In de hogere klassen kunnen OALT-leerkrachten de leerlingen na schooltijd ook hun eigen taal (en cultuur) onderwijzen. Bossers en Aarssen zijn het erover eens dat deze lessen weleens het voornaamste doelwit van het strategisch akkoord zouden kunnen zijn. Ze staan immers niet in dienst van het leren van het Nederlands.

Bovendien lijken de meeste deskundigen weinig tevreden over deze vorm van onderwijs, die sinds 1998 bestaat. Degenen die vinden dat allochtone kinderen recht hebben op eigen onderwijs, vinden het vervelend dat die kinderen na schooltijd moeten achterblijven. Anderen betwijfelen of de lessen wel zin hebben.
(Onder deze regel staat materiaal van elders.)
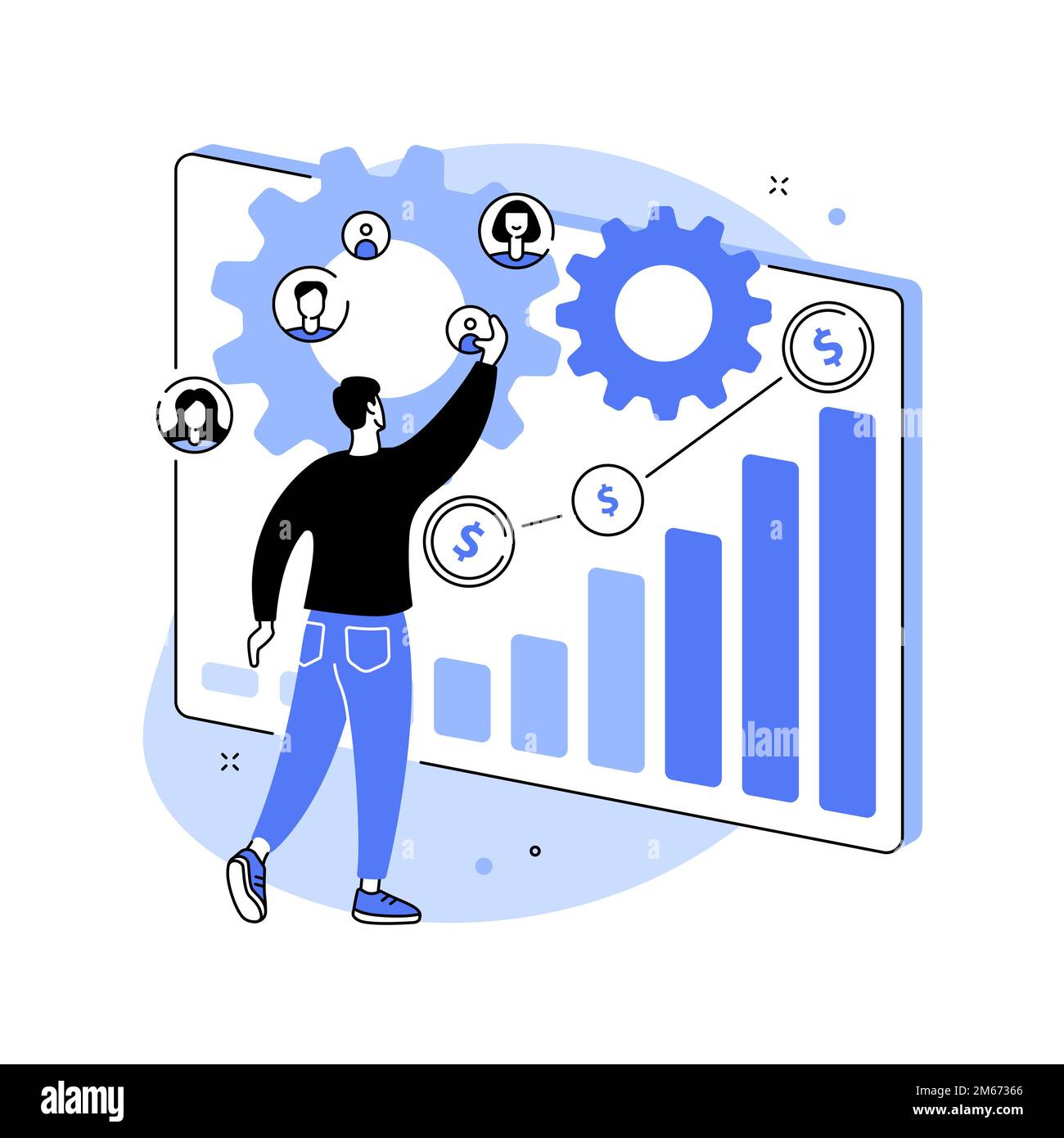 Illustrazione del vettore di concetto astratto di crescita delle vendite. Piano di profitto, crescita del database dei clienti, responsabile vendite, metodo di promozione, obiettivo di marketing, addetto alle vendite achi Illustrazione Vettoriale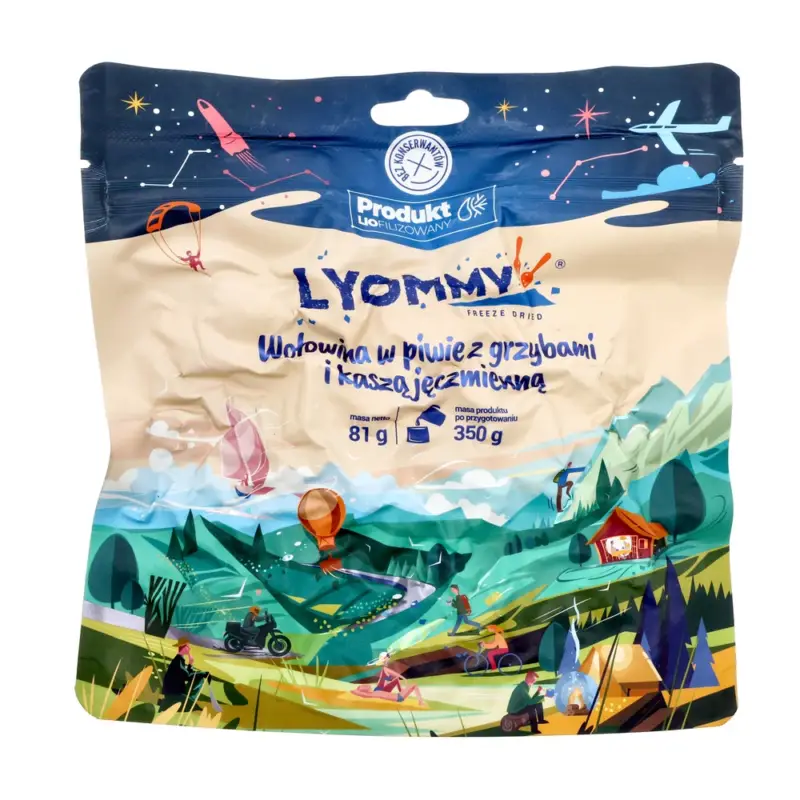 Ostatnie sztuki Lyommy - Żywność liofilizowana Wołowina w piwie z grzybami i kaszą jęczmienną 350 g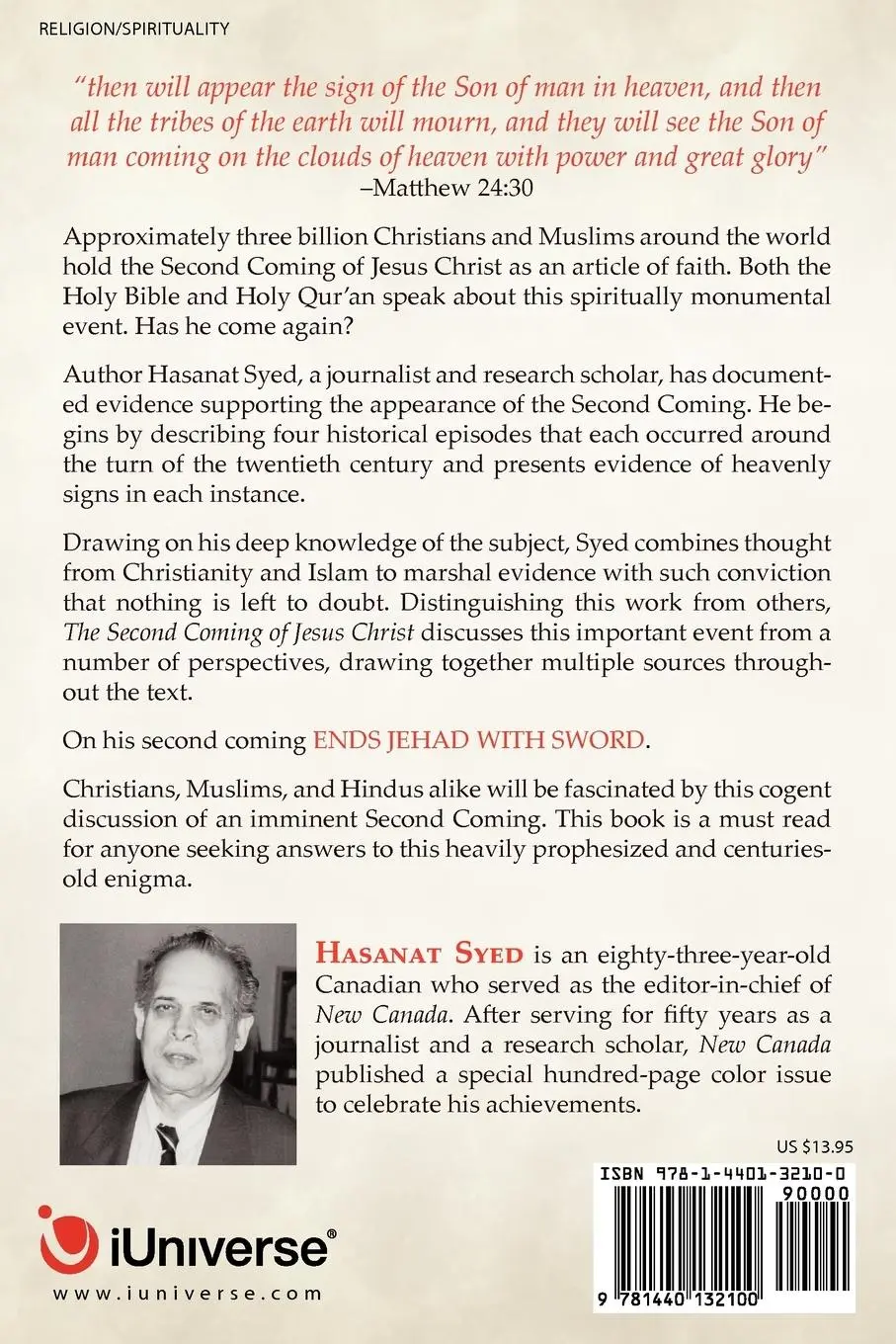 Rückseite: 9781440132100 | The Second Coming of Jesus Christ | Hasanat Ahmad Syed | Taschenbuch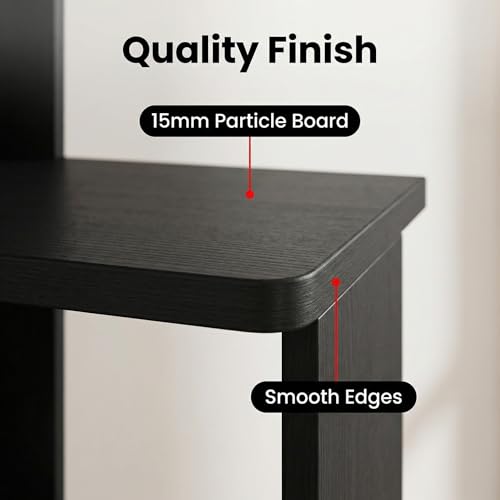 Corner Bookshelf, 5 Tier Tall Corner Bookcase with LED Lights, Freestanding L Shaped Open Display Shelf for Living Room, Bedroom, Home Office (Black) - style: Black-without drawers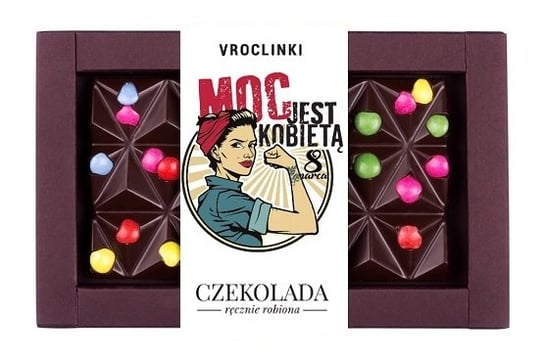 Czekolada gorzka bez cukru z lentilkami - Dzień Kobiet Vroclinki Vroclinki - Wrocławskie Praliny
Bossers: “Veel van die kinderen zijn helemaal niet gemotiveerd om op school Turks of Arabisch te leren. Als ik naar die kinderen kijk die bij mij thuis ‘s avonds voor de deur rondhangen, vraag ik me ook af in hoeverre je over hun ‘eigen taal’ kunt spreken. Die kinderen praten onderling Nederlands.”
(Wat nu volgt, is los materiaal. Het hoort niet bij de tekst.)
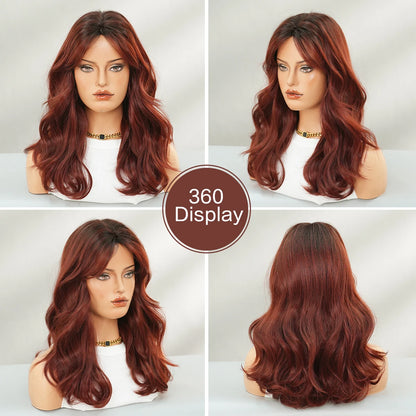 Shoulder Length Body Wave Wine Red Wig for Women High Density Synthetic Layered Modest Fashion Middle Part Wigs with Dark Roots
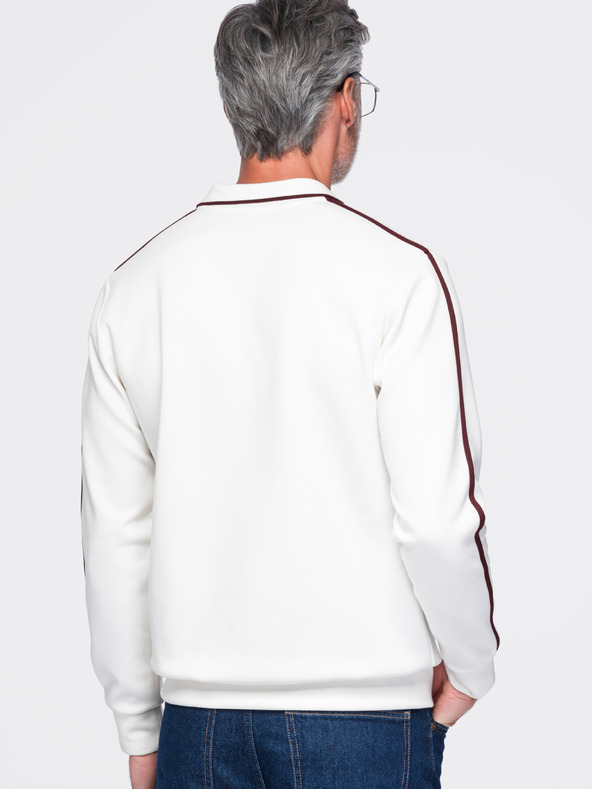 Ombre Clothing Férfi gallérral rendelkező pulóver V-nyakkivágással és mellkas hímzéssel – elefántcsont fehér V4 OM-SSNZ-0268 Ombre Clothing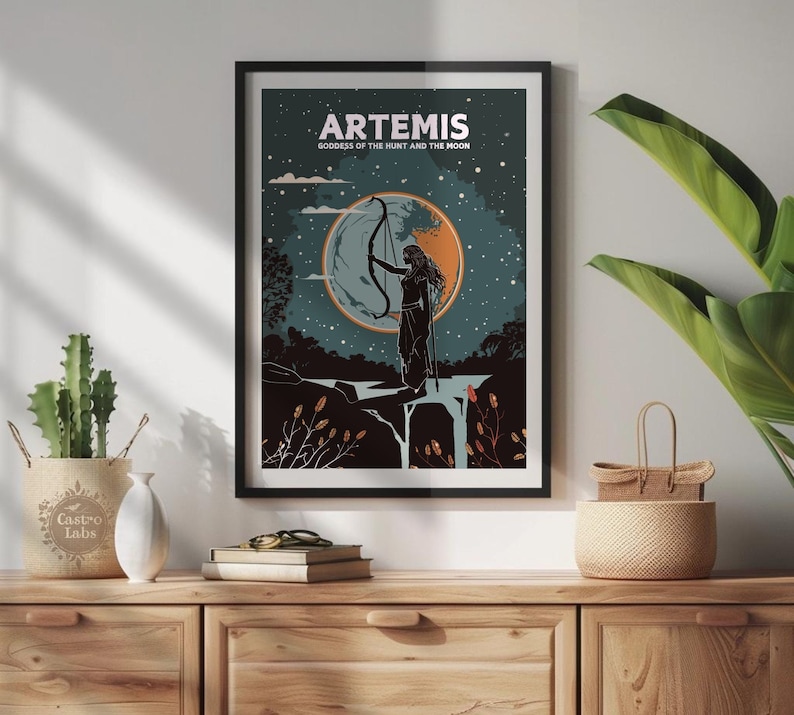 Artemis Poster, Artemis Goddess Art, Greek Mythology Artemis Print ...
In december vorig jaar kwam de Onderwijsraad met een advies aan de regering dat Samen naar de taalschool heette. In dit rapport werd ervoor gepleit het onderwijs in allochtone levende talen onder te brengen in aparte taalscholen, waarvoor de ouders dan een grotere eigen verantwoordelijkheid zouden dragen. Wie graag wil dat zijn kind goed Turks leert lezen en schrijven, kan het naar zo’n taalschool sturen. De term allochtone levende talen_zou vervangen moeten worden door _nieuwe moderne vreemde talen, om te benadrukken dat er geen wezenlijk verschil is met het onderwijs in Engels, Frans of Duits.
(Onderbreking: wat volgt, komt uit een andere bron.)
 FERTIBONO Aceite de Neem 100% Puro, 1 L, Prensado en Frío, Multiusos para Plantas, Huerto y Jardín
In het in augustus gepubliceerde manifest Samen naar de talenschool bepleit onder anderen Guus Extra, een van de bekendste voorvechters in Nederland van veeltaligheid en de multiculturele samenleving, een soortgelijke constructie: “De talen Nederlands en Engels worden nu al door alle leerlingen in het basisonderwijs geleerd. Daarnaast pleiten wij voor onderwijs in een derde taal naar keuze voor alle kinderen. (…) Alle talen krijgen zo een gelijkwaardige plaats en waardering. De uitvoering van het onderwijs in een aantal van deze talen kan door talenscholen worden verzorgd.”

Bossers voorziet wel een probleem met die taalschool, dan wel talenschool: “De huidige OALT-leerkrachten zullen er natuurlijk niet blij mee zijn. Zij zijn bang dat ze, als ze alleen ondersteunend OALT mogen geven, een hulpstuk van de leerkracht worden.’ Toch lijkt het hem een goed idee dat de regering het advies van de Onderwijsraad opvolgt: “De huidige oplossing is halfslachtig. Als ouders zelf verantwoordelijk worden voor het taalonderwijs van hun kinderen, zijn de leerlingen ook veel gemotiveerder.”